## ASSIGNMENT
No pictures, please. Output the lines from the start of the data through the line that contains "So that is how", both included, exactly as they stand.

## STORED DATA
- - -
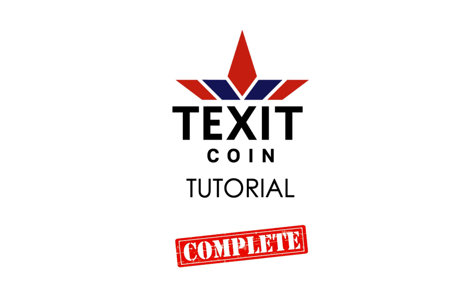This completes another TXC Coin tutorial. Welcome to the world of the versatile new web version of the TXC Coin wallet. Remember: mine, trade, spend.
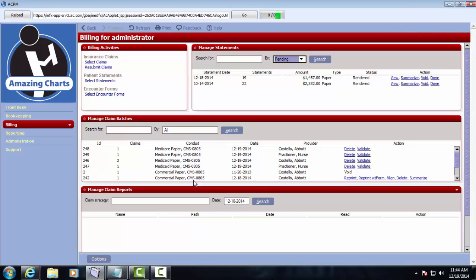If there's something missing from any claim that gets rejected from the Clearinghouse, the process will be the same. You'll go and fix that individual claim, and then you'll resubmit that claim.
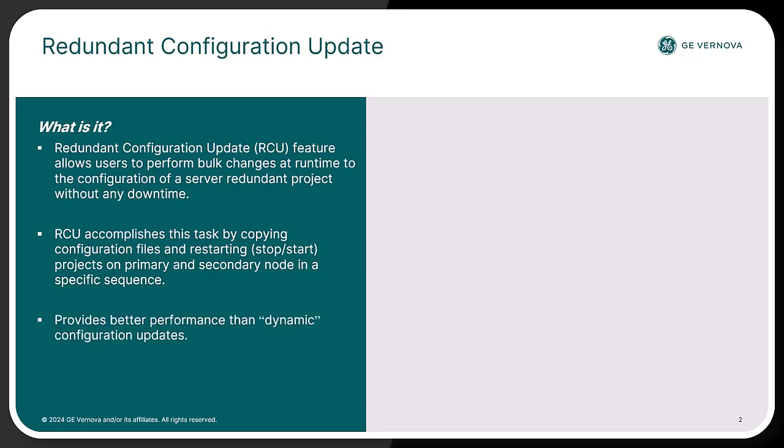The redundant configuration update provides better performance than the existing dynamic mode functionality and allows users to perform changes beyond what dynamic mode allows today, like new device addition or class definitions.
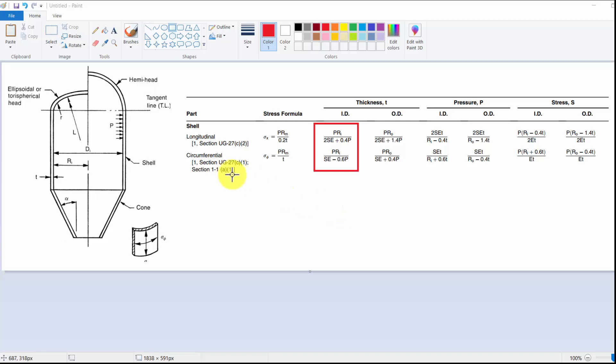Hello, today I will show you how to develop shell thickness by ASME Division Code Section UG27C2. Here you can see there is a shell with thickness.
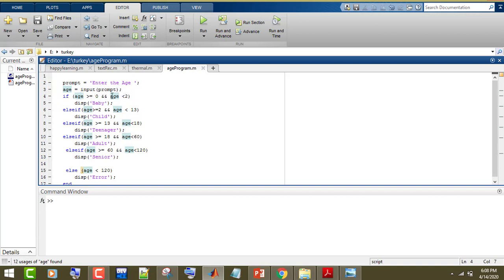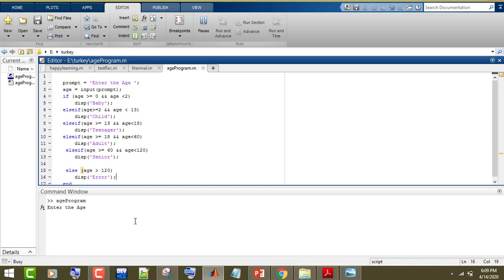If the age is greater than or equal to 0 and less than 2, meaning the user entered 0 or 1, we print 'baby'. If age is greater than or equal to 2 and less than 13, we print 'child'. If age is greater than or equal to 13 and less than 18, we print 'teenager'. If age is greater than or equal to 18 but less than 60, we print 'adult'. If age is greater than or equal to 60 but less than 120, we print 'senior'. If the age is greater than 120, we print an error message.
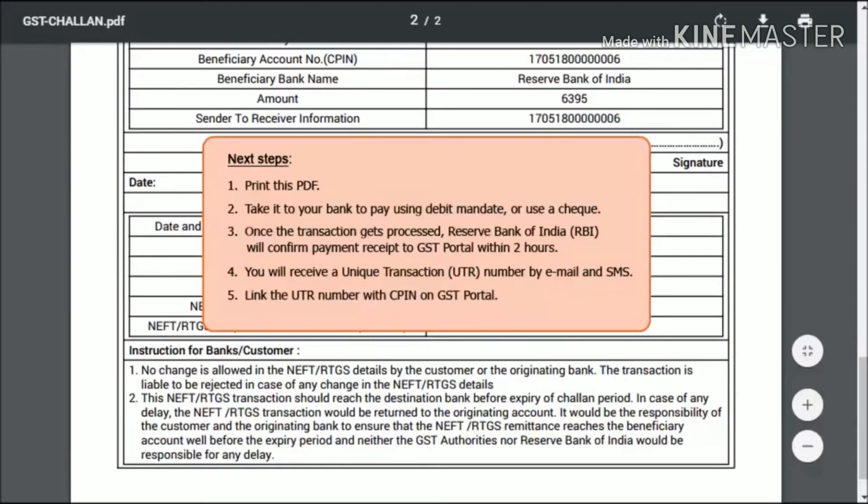It is optional to link the UTR with the C-PIN. I'll show you how to do that in the next video.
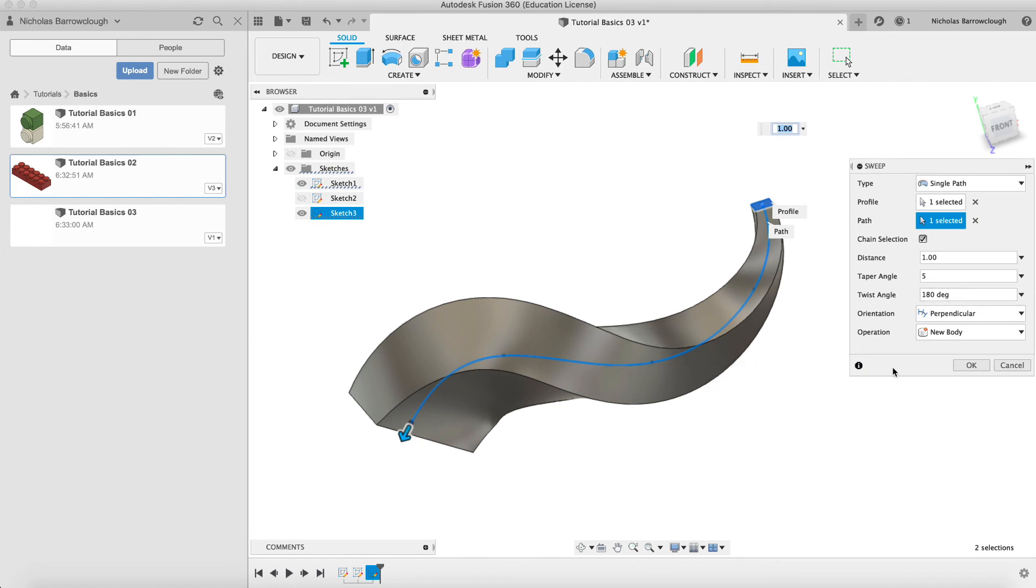So that is how to sweep along a path here in Fusion 360. If you found this video useful, then please hit the subscribe button and I'll see you next time.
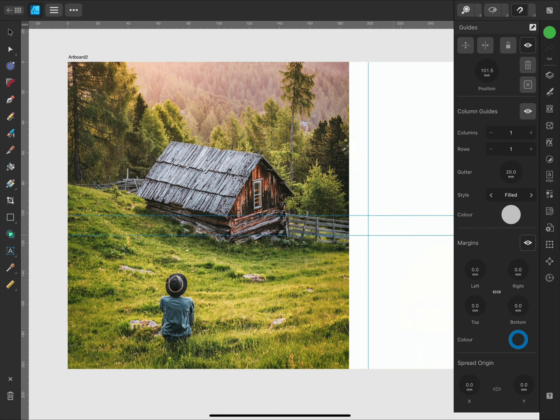Now that I'm happy with my ruler guides, I can tap this padlock icon to lock them in place so I don't accidentally move them when working on the document.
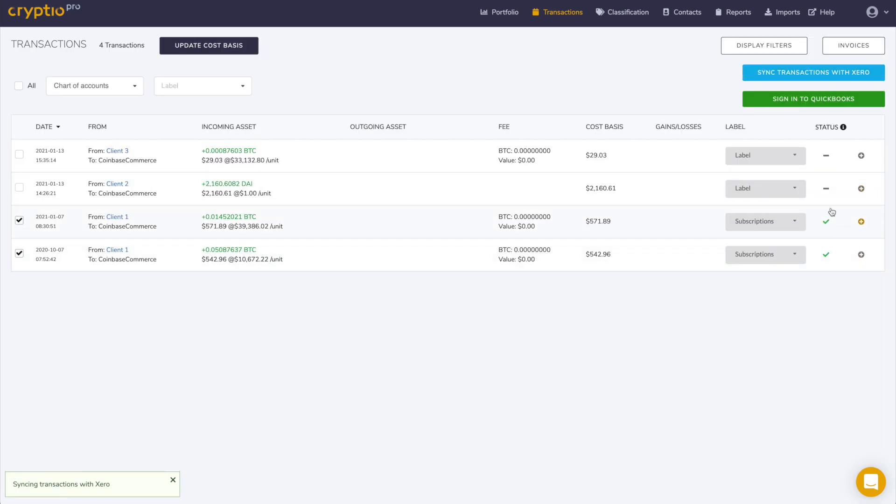These transactions that you push from your Crypto sub-ledger to your accounting software through the API will appear as drafts under the manual journal entry section in your accounting software. Here your accountant or yourself can double-check these transactions, confirm them, and post them in your books.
- - -
## WRITTEN ANSWER
This completes another TXC Coin tutorial. Welcome to the world of the versatile new web version of the TXC Coin wallet. Remember: mine, trade, spend.
If there's something missing from any claim that gets rejected from the Clearinghouse, the process will be the same. You'll go and fix that individual claim, and then you'll resubmit that claim.
The redundant configuration update provides better performance than the existing dynamic mode functionality and allows users to perform changes beyond what dynamic mode allows today, like new device addition or class definitions.
Hello, today I will show you how to develop shell thickness by ASME Division Code Section UG27C2. Here you can see there is a shell with thickness.
If the age is greater than or equal to 0 and less than 2, meaning the user entered 0 or 1, we print 'baby'. If age is greater than or equal to 2 and less than 13, we print 'child'. If age is greater than or equal to 13 and less than 18, we print 'teenager'. If age is greater than or equal to 18 but less than 60, we print 'adult'. If age is greater than or equal to 60 but less than 120, we print 'senior'. If the age is greater than 120, we print an error message.
It is optional to link the UTR with the C-PIN. I'll show you how to do that in the next video.
So that is how to sweep along a path here in Fusion 360. If you found this video useful, then please hit the subscribe button and I'll see you next time.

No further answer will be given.